To do.
If pictures appear among the lines below, leave them out while you return exactly the lines from the one with "Rozijnenslof gesneden" through the one with "Cozy Cute Cat Bed 5".

Exercise material.
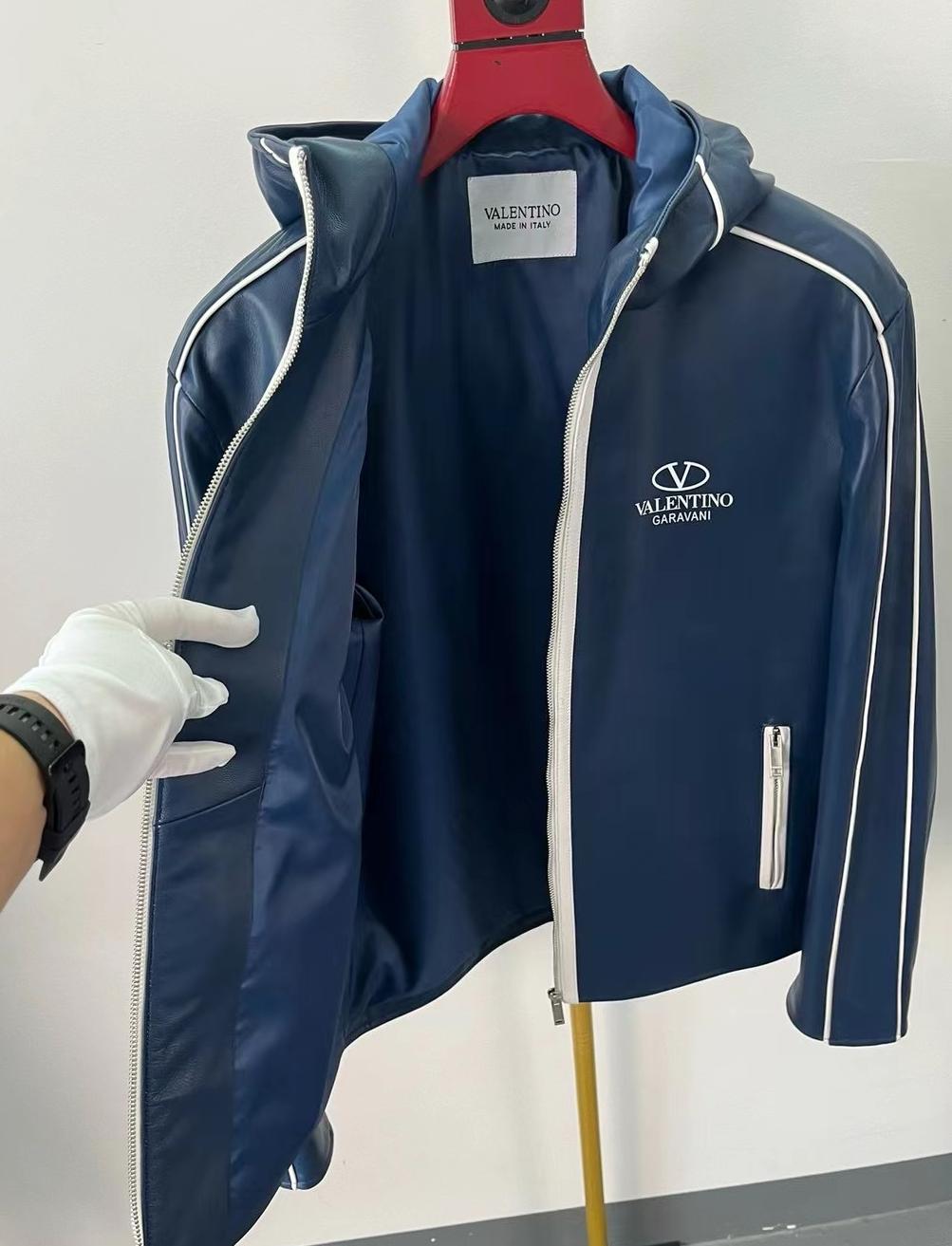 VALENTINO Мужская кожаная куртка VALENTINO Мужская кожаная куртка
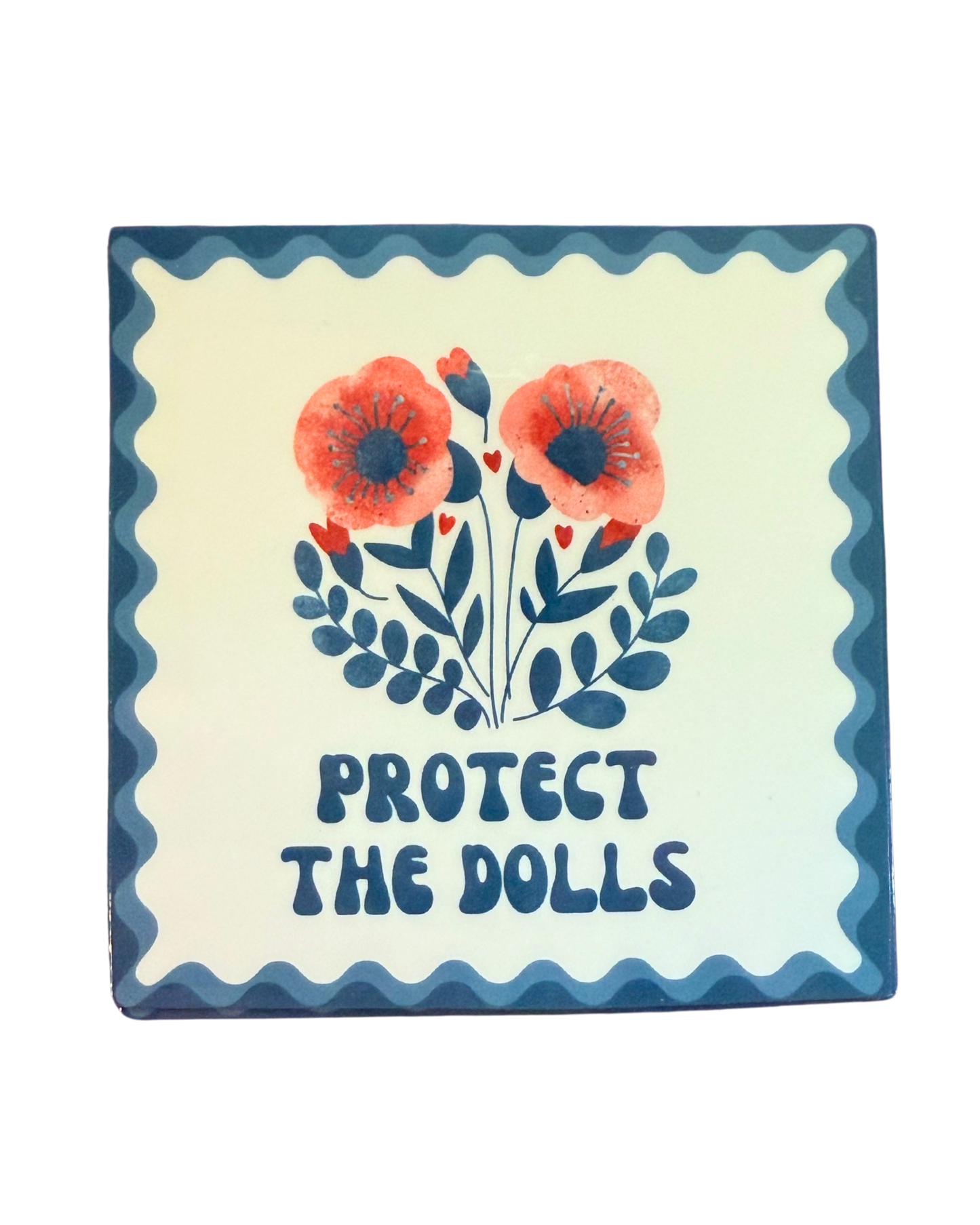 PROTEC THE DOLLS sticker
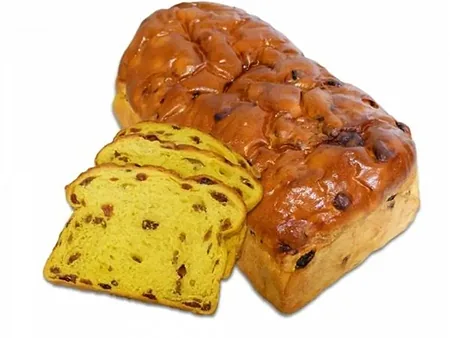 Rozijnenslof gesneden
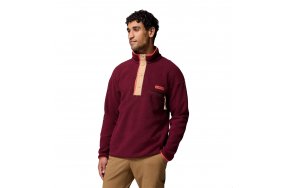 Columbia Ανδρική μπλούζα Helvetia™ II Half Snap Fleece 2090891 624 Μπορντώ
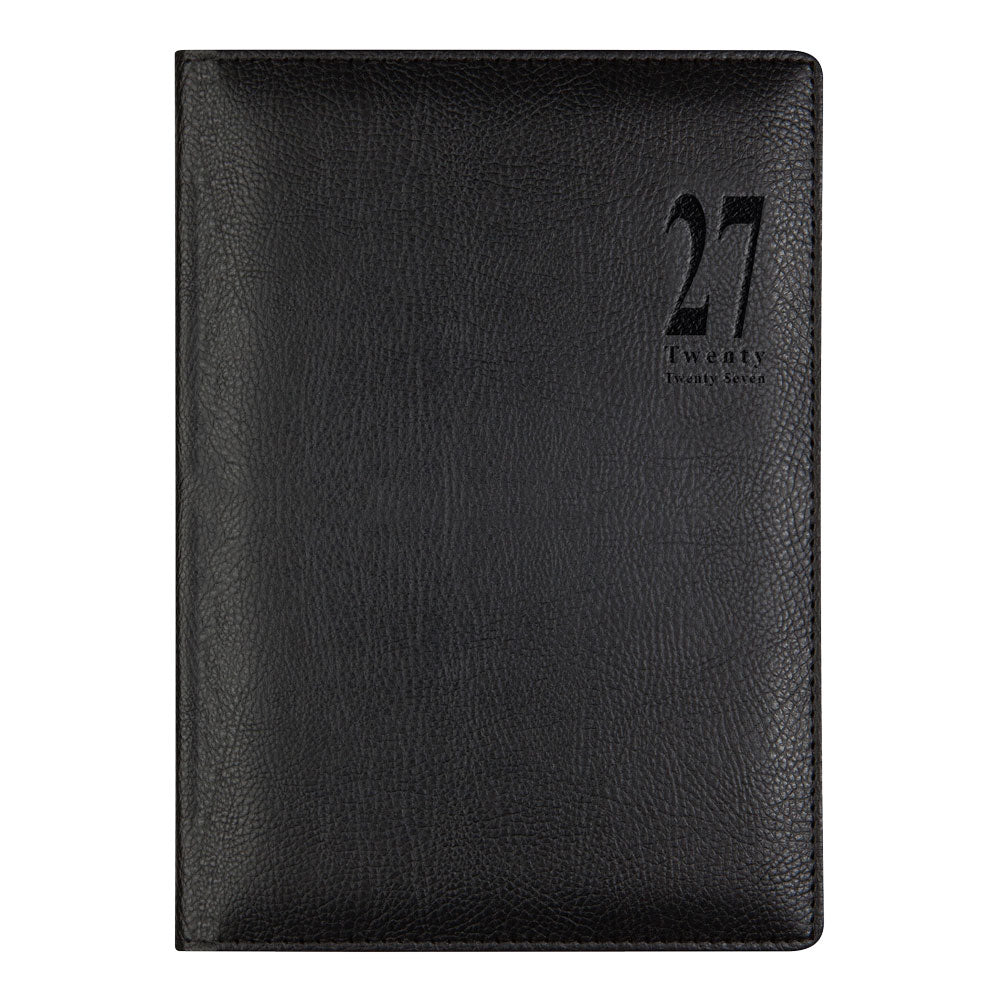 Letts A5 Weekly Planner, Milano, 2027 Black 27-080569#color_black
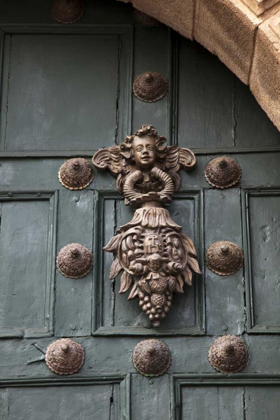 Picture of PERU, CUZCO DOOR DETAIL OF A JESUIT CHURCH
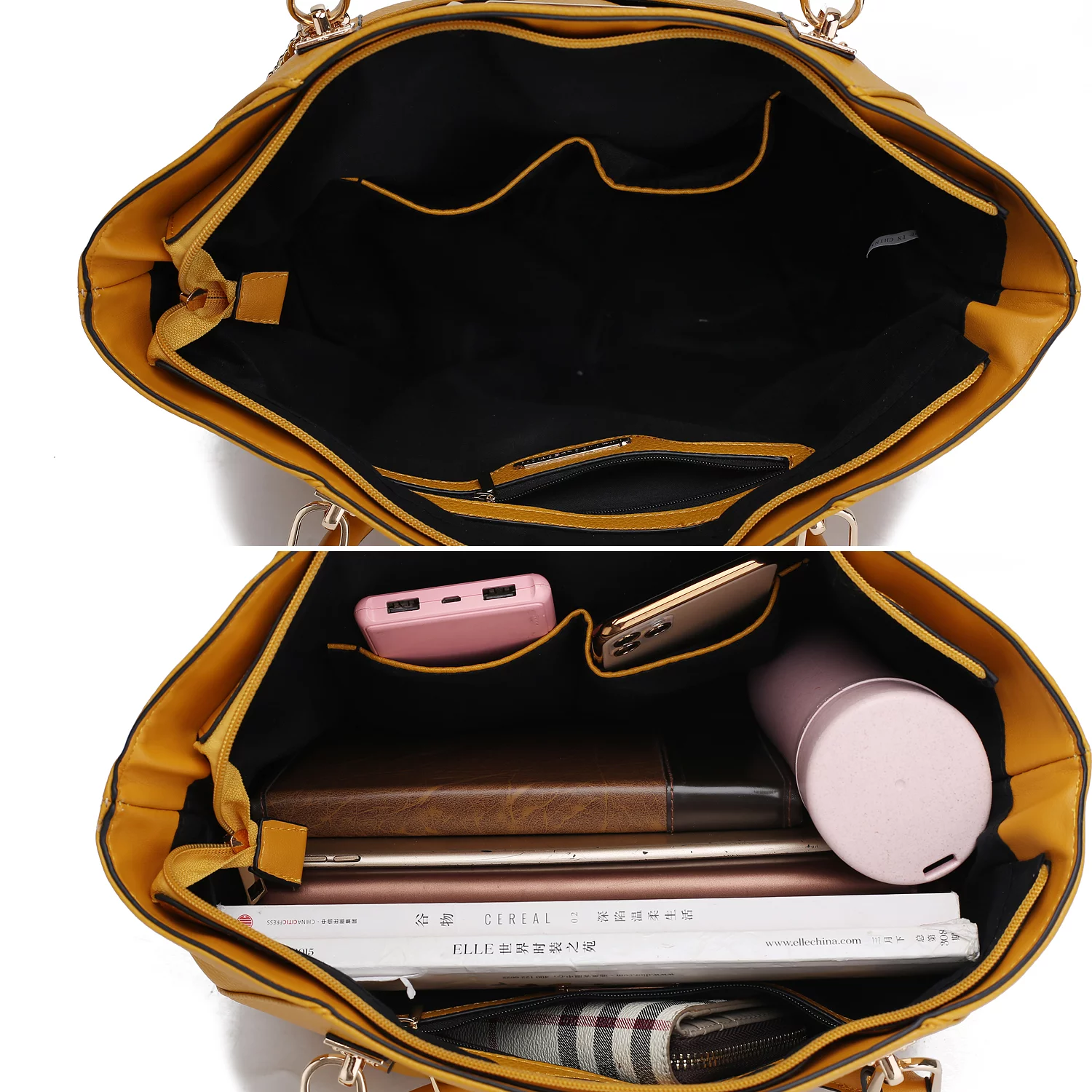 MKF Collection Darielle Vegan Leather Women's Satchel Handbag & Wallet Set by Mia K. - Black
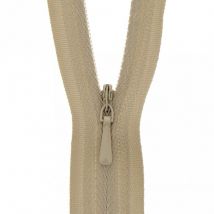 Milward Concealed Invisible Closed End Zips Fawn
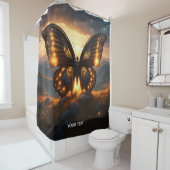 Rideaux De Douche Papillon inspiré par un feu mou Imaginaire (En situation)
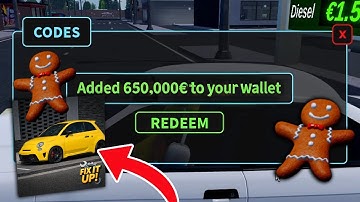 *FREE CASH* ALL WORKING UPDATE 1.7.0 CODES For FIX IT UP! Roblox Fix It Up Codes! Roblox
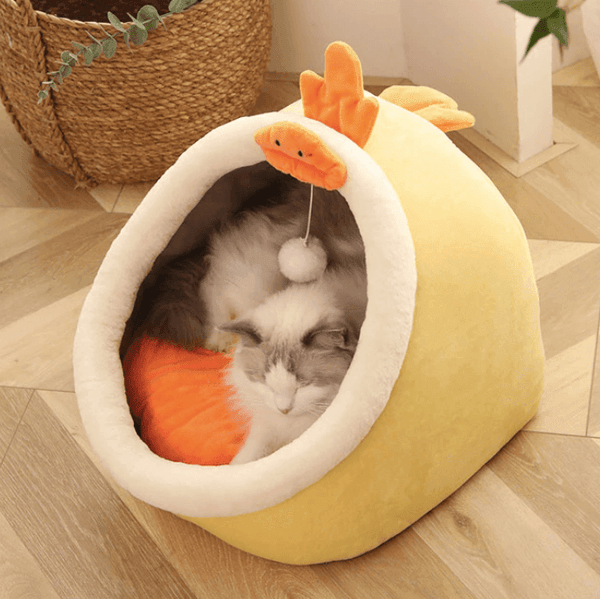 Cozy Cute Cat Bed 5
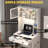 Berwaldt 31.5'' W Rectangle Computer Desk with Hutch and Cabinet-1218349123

Result of this task.
 Rozijnenslof gesneden
 Columbia Ανδρική μπλούζα Helvetia™ II Half Snap Fleece 2090891 624 Μπορντώ
 Letts A5 Weekly Planner, Milano, 2027 Black 27-080569#color_black
 Picture of PERU, CUZCO DOOR DETAIL OF A JESUIT CHURCH
 MKF Collection Darielle Vegan Leather Women's Satchel Handbag & Wallet Set by Mia K. - Black
 Milward Concealed Invisible Closed End Zips Fawn
 Rideaux De Douche Papillon inspiré par un feu mou Imaginaire (En situation)
 *FREE CASH* ALL WORKING UPDATE 1.7.0 CODES For FIX IT UP! Roblox Fix It Up Codes! Roblox
 Cozy Cute Cat Bed 5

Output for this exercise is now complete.